As a result, this regulation revises provisions previously stipulated in PMK Number 147/PMK.03/2017, which covered the procedures for the registration and deletion of Taxpayer Identification Numbers (TIN), as well as the registration and revocation of VAT-Registered Person (PKP) status.
Read: Government Releases PMK 81/2024 on Coretax, 42 Old Regulations Revoked
In general, several provisions have been amended, clarified, or retained as they were. Some of the key changes include:
- Criteria for taxpayer registration locations
- The format of the Taxpayer Identification Number (TIN)
- Additional criteria for individuals who are not required but may voluntarily register for a TIN
- Provisions for updating taxpayer information
- Change in terminology from "Non-Effective Taxpayer" to "Inactive Taxpayer"

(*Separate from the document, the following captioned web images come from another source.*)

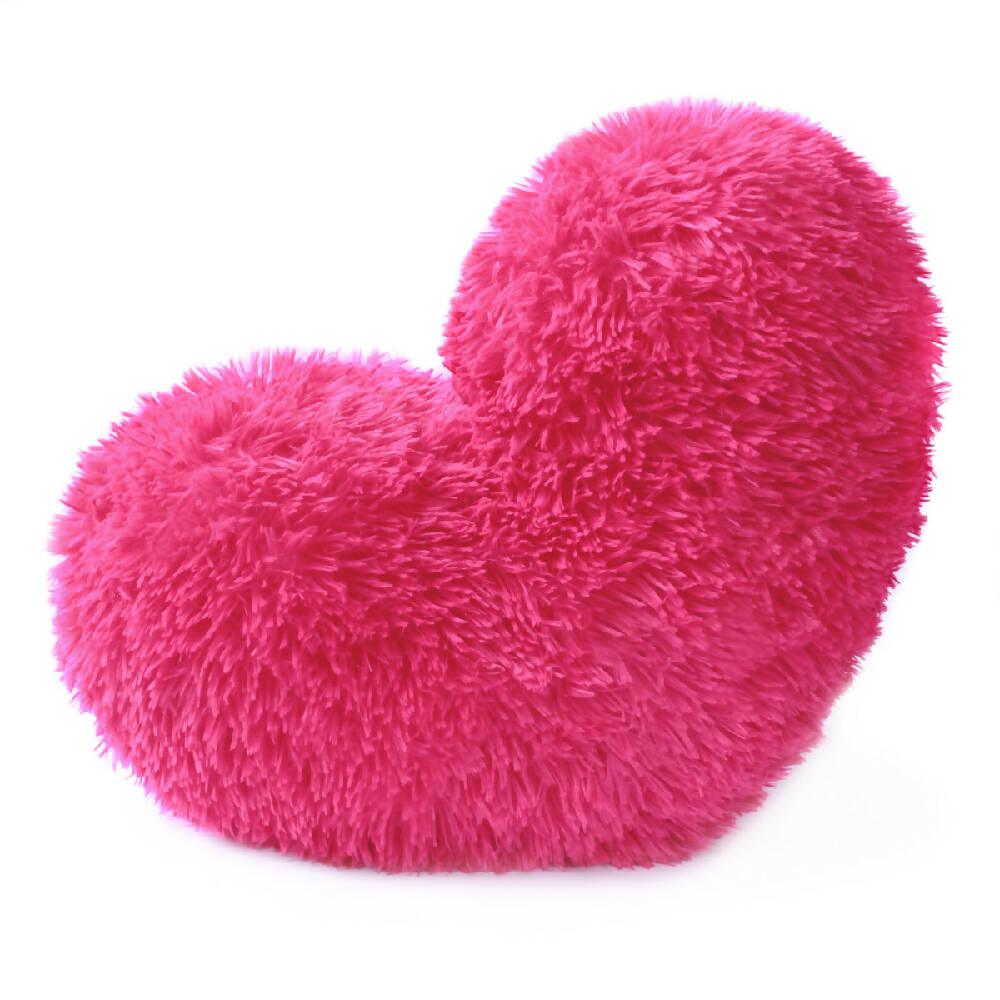 Cojín Decorativo Peludo Corazón - Fucsia - VIRTUAL MUEBLES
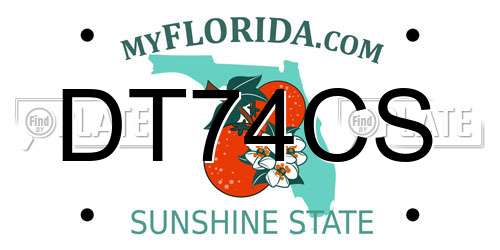 DT74CS Florida License Plate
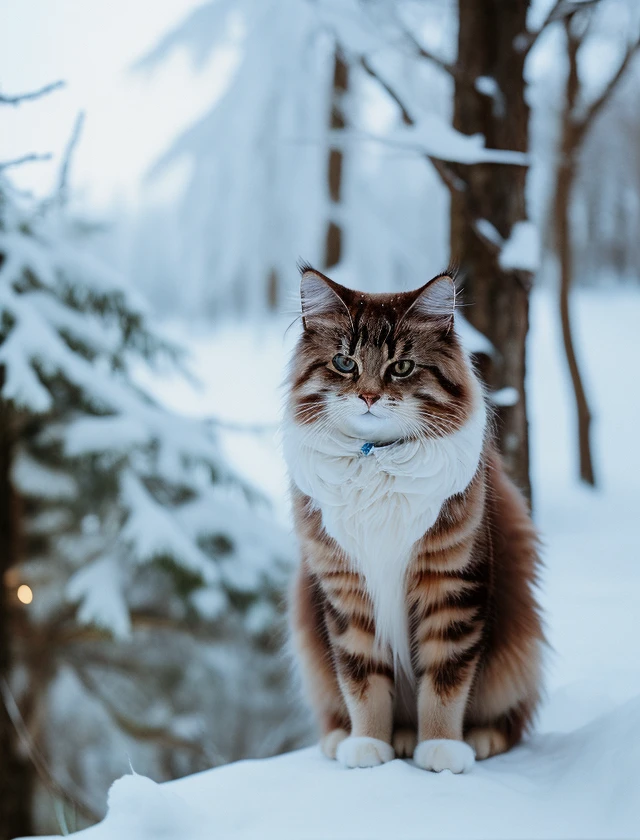 raw photo, film grain, closeup, a siberian cat, snow forest <lora:Analog Style Lomo:0.7>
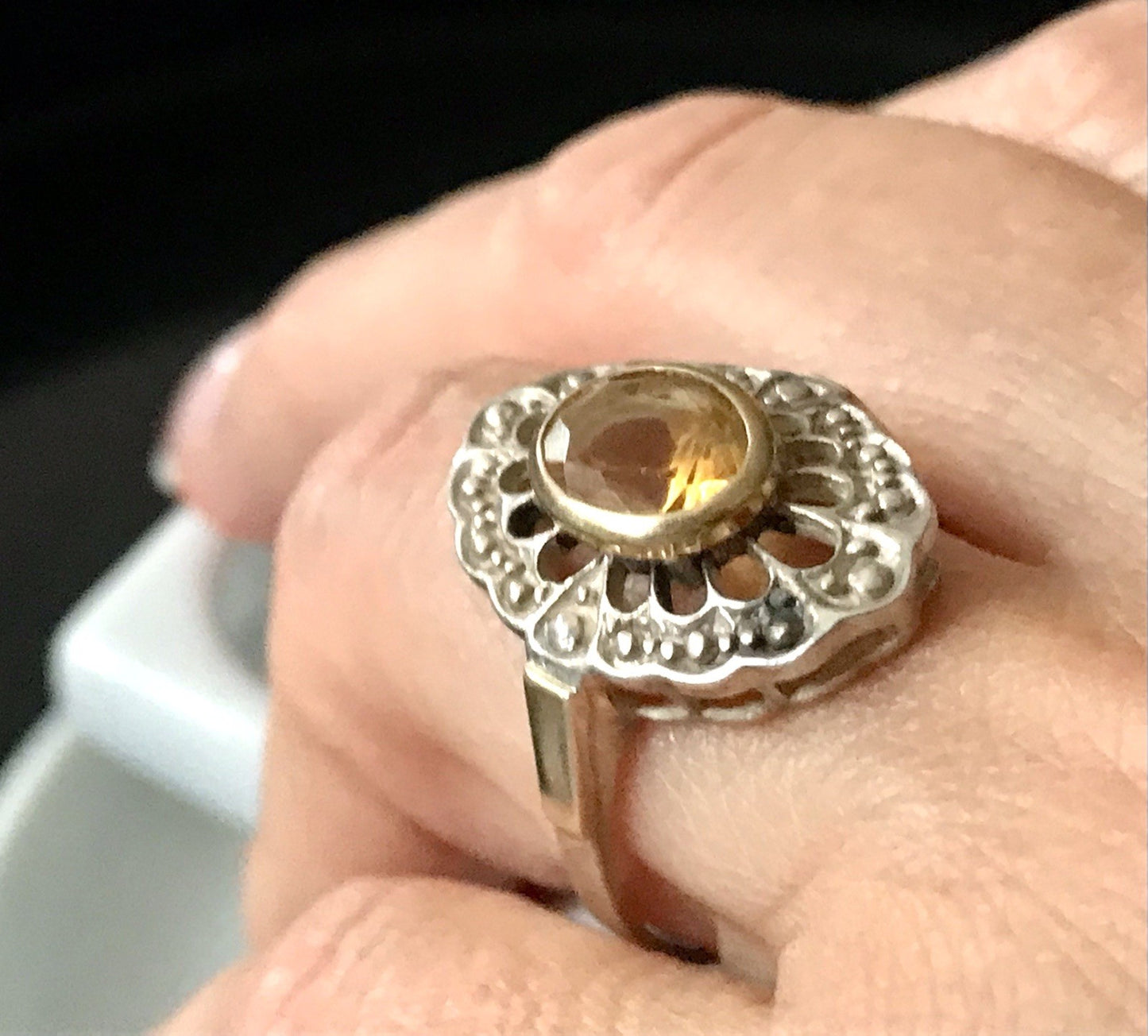 Antik Jugendstil Edel Damen Ring Citrin? Stein Silber 925~ Gr.60/61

- Regulations regarding SPLN
- Provisions for TIN deletion
Aside from aligning with the launch of the Coretax system, these changes also address considerations in business processes, information technology, and database management.
Criteria for Registration Location
Similar to the previous regulation, PMK 81/2024 emphasizes that every individual or entity meeting the requirements must register as a taxpayer (WP) at the Tax Office (KPP).
In the latest regulation, the criteria for the KPP region for determining WP have been revised. The requirement for the location of business activities is no longer applicable. This means the registration or official assignment location has also changed.
As a result, taxpayer registration is now carried out at the KPP located at the taxpayer's residence or domicile.
Changes to TIN Format
The provisions regarding the NPWP format reaffirm the rules in other tax regulations, such as the Tax Harmonization Law (HPP) and PMK Number 112/PMK.03/2022 jo PMK 136 of 2023.
For individual resident taxpayers, the TIN format now uses the Population Identity Number (NIK). Meanwhile, non-resident individual taxpayers, corporate taxpayers, and government institutions are issued a 16-digit TIN, while branches use the Identity Number of Place of Business Activities (NITKU).
TIN for Those Who Do Not Meet Objective/Subjective Requirements
Under PMK 81/2024, the Directorate General of Taxes (DGT) can issue TINs for individuals who do not meet objective requirements, such as having an income below the Non-Taxable Income threshold (PTKP), or subjective requirements, such as non-residency.
Individuals who do not meet objective requirements can register to obtain a TIN at the KPP (Tax Office) with jurisdiction over their place of residence.
Meanwhile, individuals who do not meet subjective requirements can register to obtain a 16-digit TIN at the KPP designated by the Director General of Taxes.
Provisions for Taxpayer Data Updates
Regarding requests for taxpayer data updates, the new regulation sets a maximum timeframe of one business day for issuing decisions after the complete application is received.
This timeframe for decisions was previously regulated only under Director General of Taxes Regulation Number PER-04/PJ/2020, whereas it was not stipulated in PMK Number 147/PMK.03/2017.
Taxpayer data updates can be requested if the data or information in the tax administration system differs from the actual conditions.
Terminology Change: From Non-Effective Taxpayer to Inactive Taxpayer
Through PMK 81/2024, the government has changed the term "Non-Effective Taxpayer" to "Inactive Taxpayer." The designation of an inactive taxpayer can be made by the Head of the KPP (Tax Office) based on the taxpayer's request.
For Individual Taxpayers, the application for inactive status must meet several conditions, including:
- Engaging in business activities or independent work but no longer meeting objective requirements due to the cessation of the business or work.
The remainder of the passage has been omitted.